Whether in that situation the trial judge aside from the questionable legal and procedural merits of the motion should have granted the motion and precautiously afforded an opportunity to substitute two other jurors does not appropriately call for our comment. Our appellate function is to determine whether his discretionary denial of the motion so prejudicially affected the substantial rights of the defendant as to require a nullification of the judgment. R.R. 1:5-3(b).
Assuredly the mere circumstance that a juror has served and participated previously in the determination of a case between different parties involving the making or existence of some distinctly independent oral contract of employment does not of itself positively disqualify him from jury service in subsequent actions relating to comparable issues in the same category.
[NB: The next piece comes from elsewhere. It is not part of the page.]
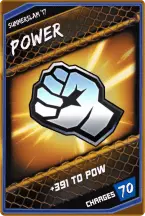 SuperCard Enhancement Power S3 15 SummerSlam17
Indeed, see Patterson v. State , 48 N.J.L. 381, 389 et seq. (Sup. Ct. 1886); cf. State v. Carlino , 99 N.J.L. 292 (E. & A. 1923); State v. Gallo , 128 N.J.L. 172 (Sup. Ct. 1942), affirmed 129 N.J.L. 52 (E. & A. 1942); State v. Grillo , 16 N.J. 103, 112 et seq. (1954).
These two jurors had avowed under oath their intention to act impartially and to discharge their duty to find a verdict based only on the evidence in the case. It is not even demonstrable that they entertained a preconceived opinion of the merits of the present case which, if so, would not necessarily disqualify them. State v. Jefferson , 131 N.J.L. 70 (E. & A. 1943); State v. Grillo, supra , 16 N.J. , at page 114.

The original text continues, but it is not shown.